Patient Information Sheet

What Are Moles?

Moles are small collections of nerve-like cells some of which make melanin pigment giving them a brown color. Some moles lack pigment and are flesh colored instead of being brown. The reason we dermatologists are concerned about moles is that sometimes they turn into a cancer called melanoma.

Sometimes people come to me expecting me to freeze off moles instead of cutting them off. Freezing does not hurt moles, but it won't remove them. Freezing will remove growths in the epidermis, but not below that. Moles, on the other hand, are collections of nerve-like cells below the epidermis. To remove moles, it is necessary to cut them out.

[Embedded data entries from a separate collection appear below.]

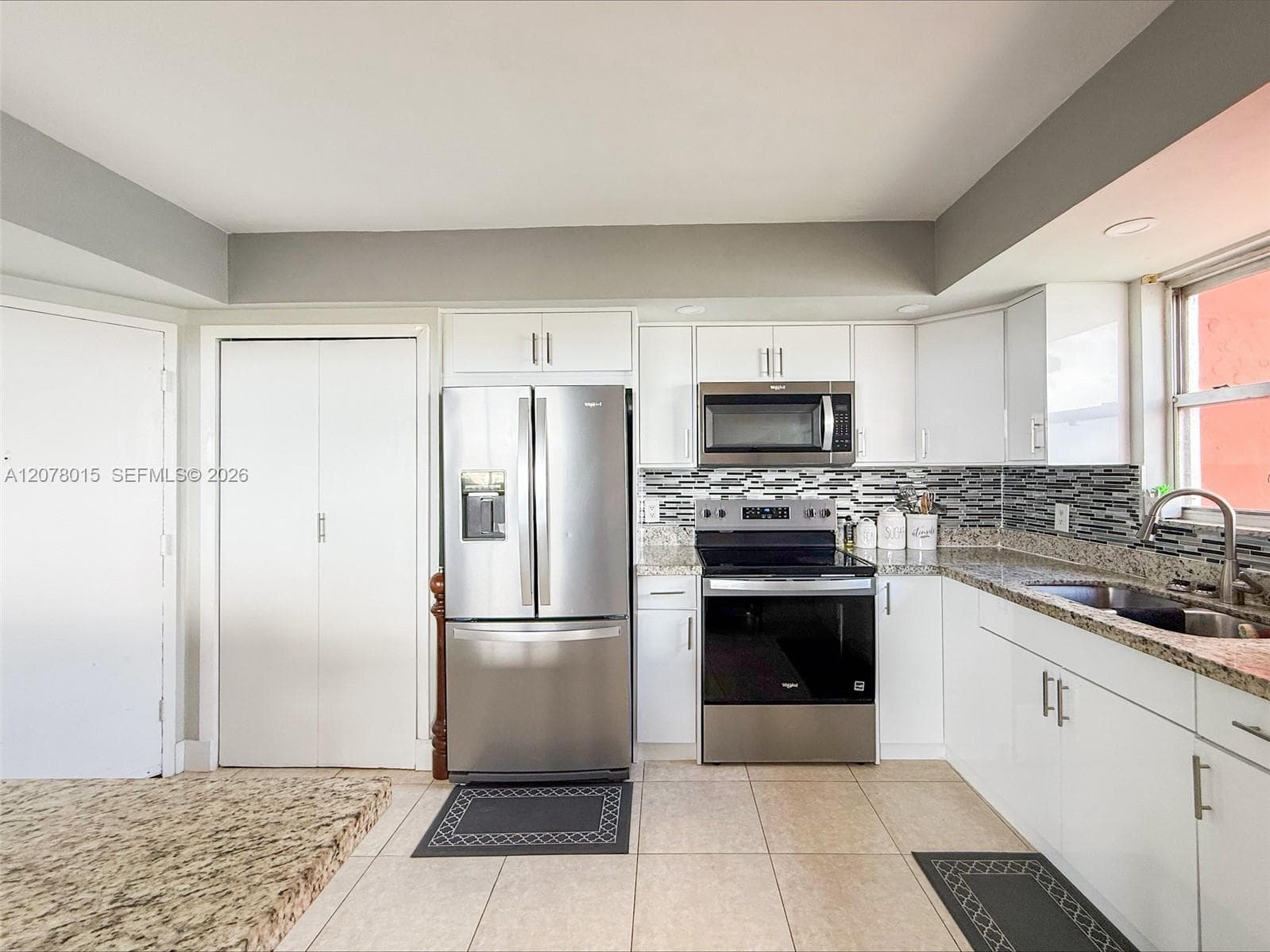 Buckly Towers · #1406W in Miami - Photo 8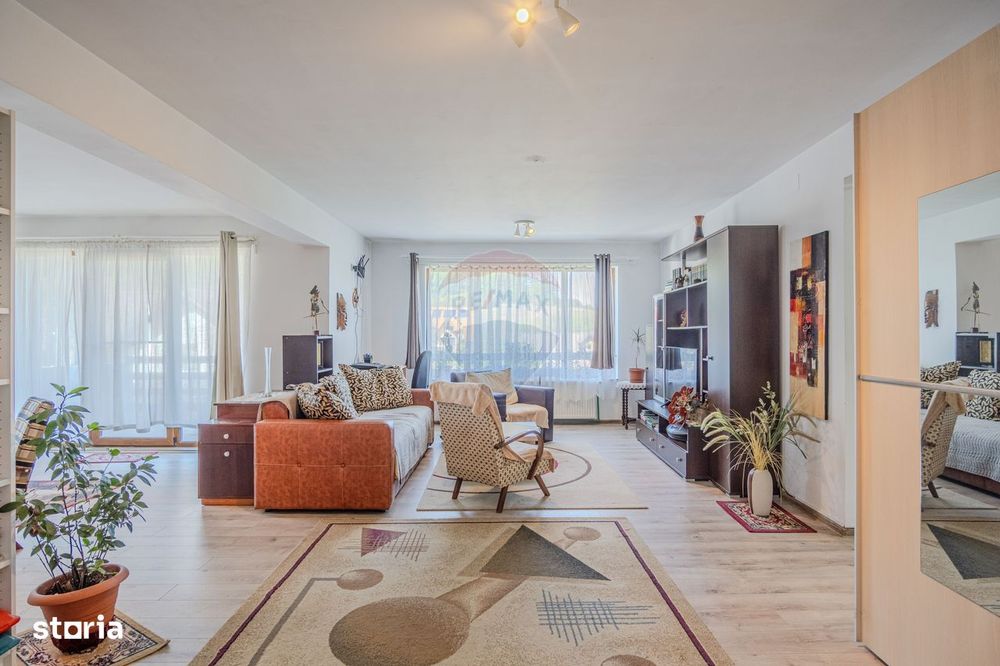 Casa de vanzare 7 camere | CURTE 953 mp | Colonia 1 Mai | COMISION 0 |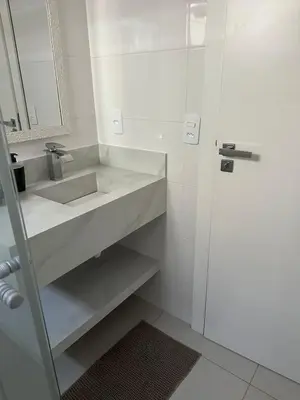 Uma casa de banho em Apartamento Moderno, Charmoso e Pertinho do Mar em Bombas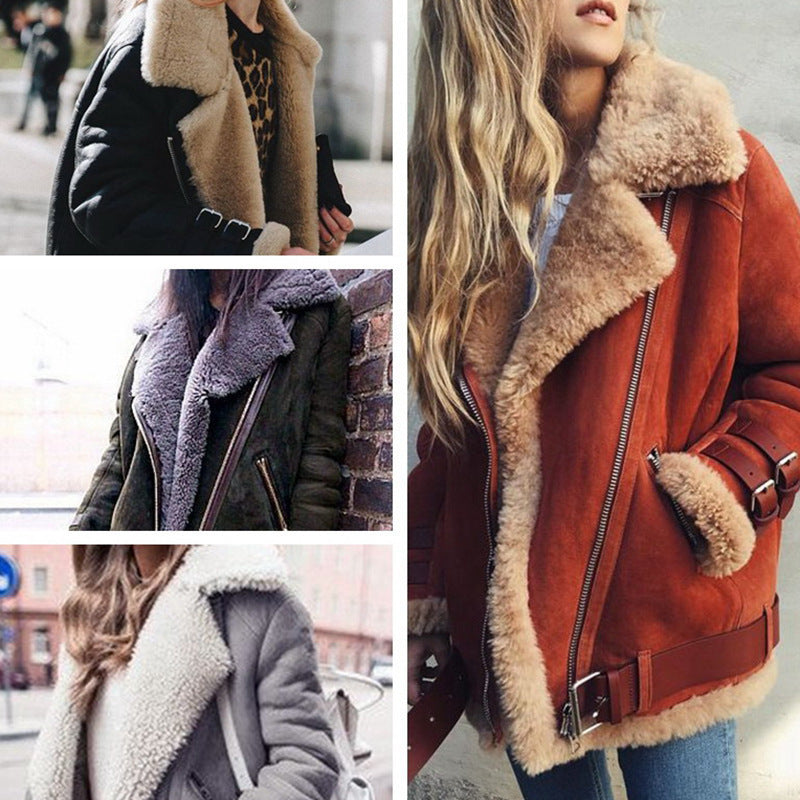 Women's short jacket in pilot style with contrasting fur collar and adjustable buckles Chichicherry
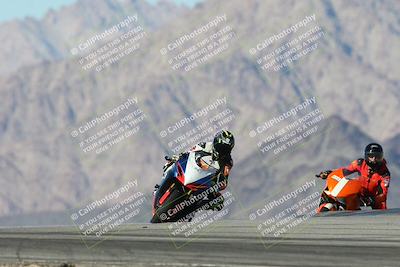 media/Dec-04-2025-Racers Edge (Thu) [[5ebc9f124d]]/3-B Group/6-Session 4 (Turn 9)/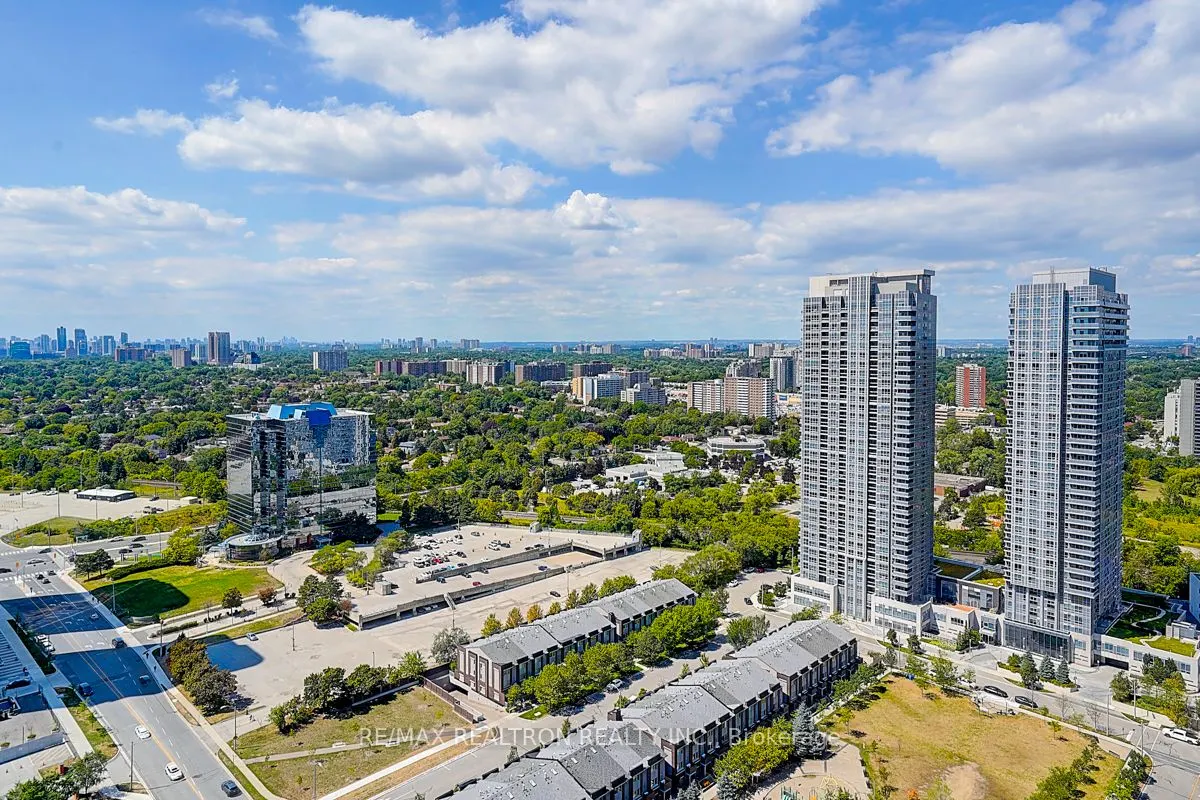 135 Village Green Square, #3220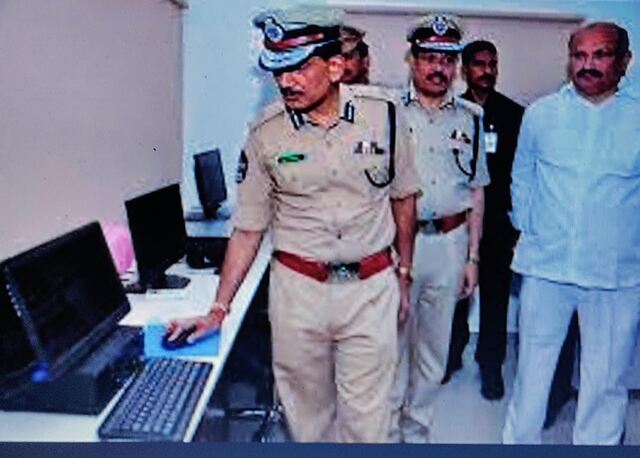 టెక్నాలజీతో పోలీసింగ్.. ఏపీలో క్రైం క్లోజ్!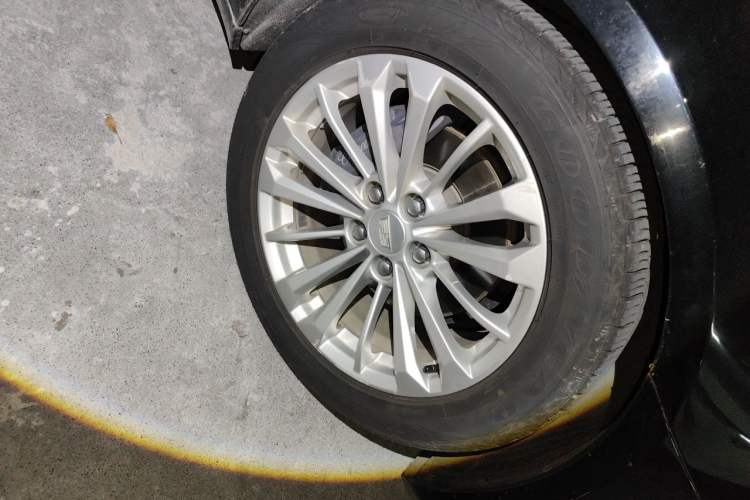 Used Cadillac CT6 2017 28T Luxury Model Right Front Wheel Hub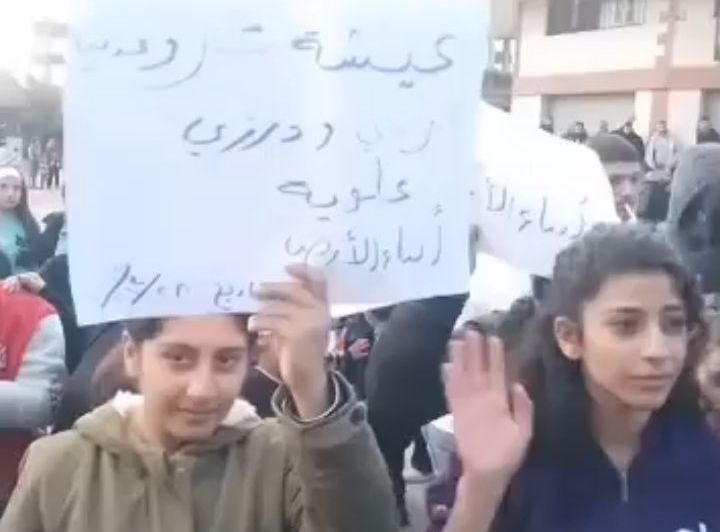 تظاهرات علويّة في عكار لدعم عصابات الأسد تثير مخاوف من صدام محتمل مع المحيط السني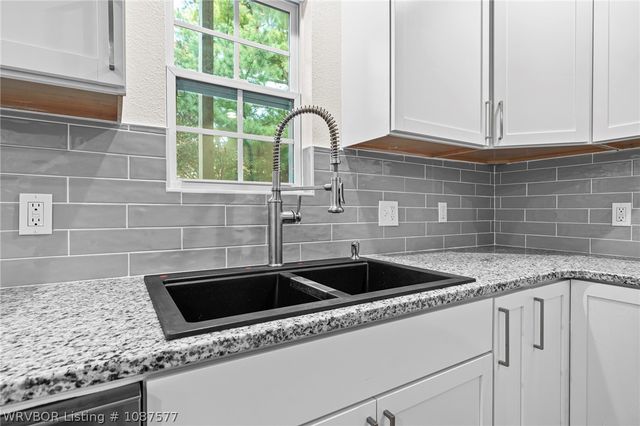 9609 Jenny Lind, Fort Smith, AR 72908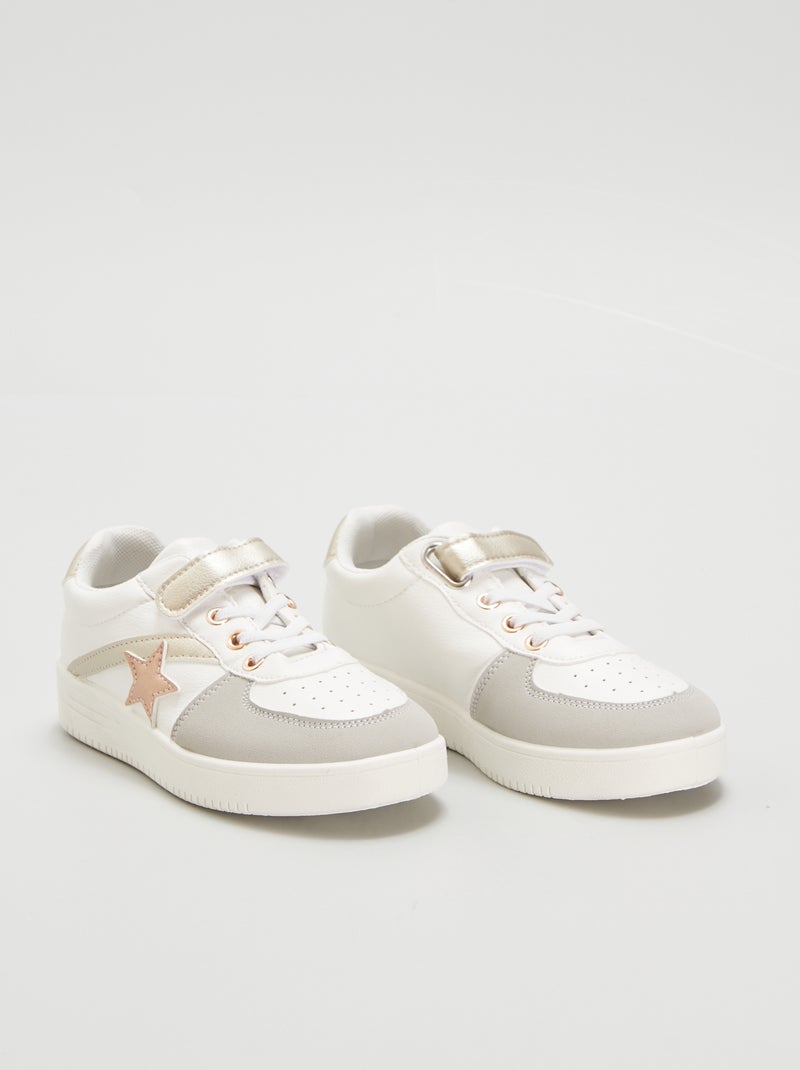 Sneakers con strappi e motivi 'stelle' BIANCO - Kiabi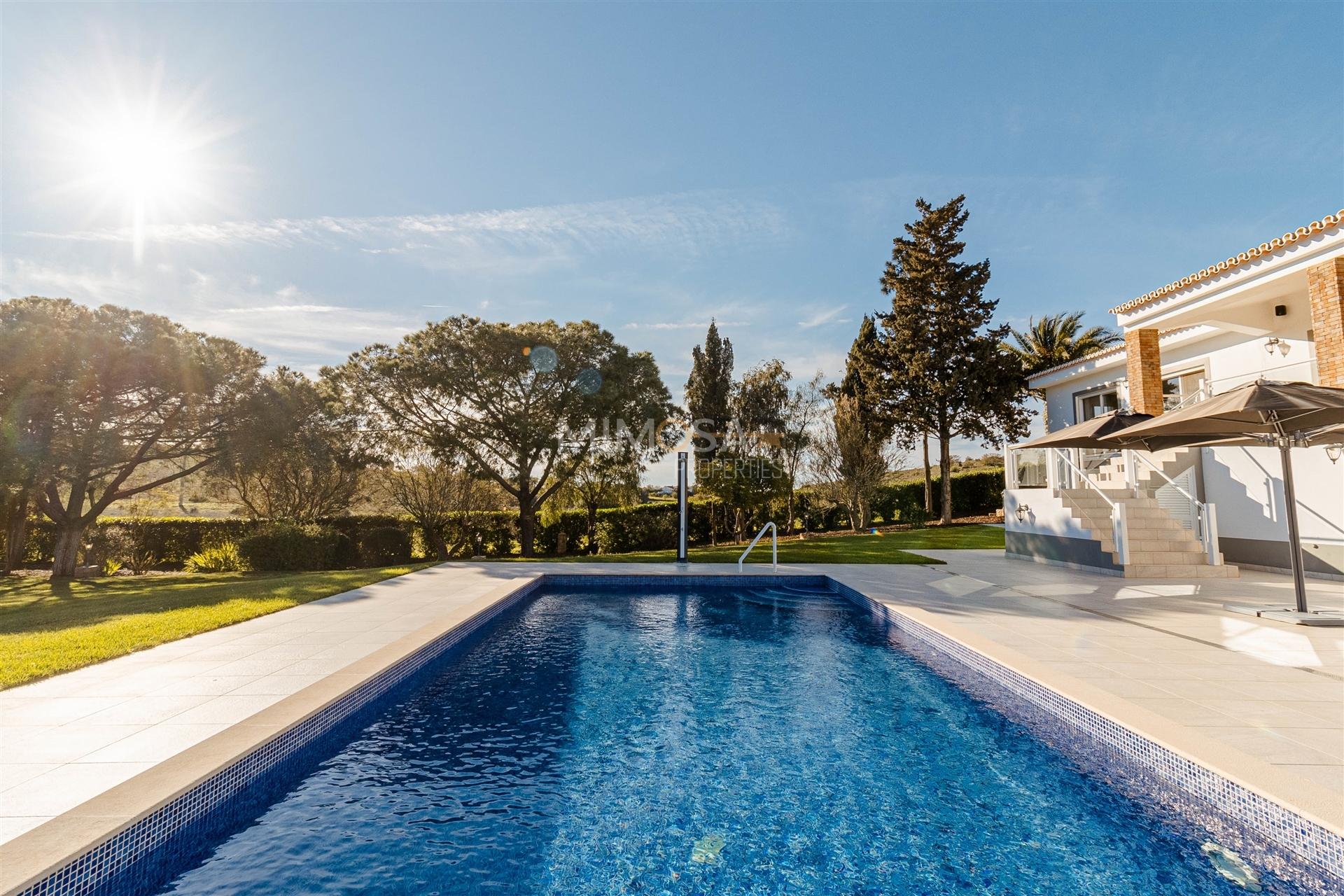 Moradia de Campo Luxuosa com Piscina e Casa de Hóspedes Próximo às Praias de Carvoeiro e Ferragudo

When we are being formed as babies inside our mothers at about age 2 weeks of embryonic development, a tubular structure down the backbone called the notochord develops. Two ridges of cells arise, one along each side of the notochord. These neural crest cells migrate as a sheet, one on each side of the notochord from the back of the embryo all the way around to the front to make the skin. That's where the skin comes from. These two halves fuse in the midline and complete the formation of the skin as an envelope around the fetus. We don't usually notice this fusion line. That's what that little notch is in the middle of your upper lip.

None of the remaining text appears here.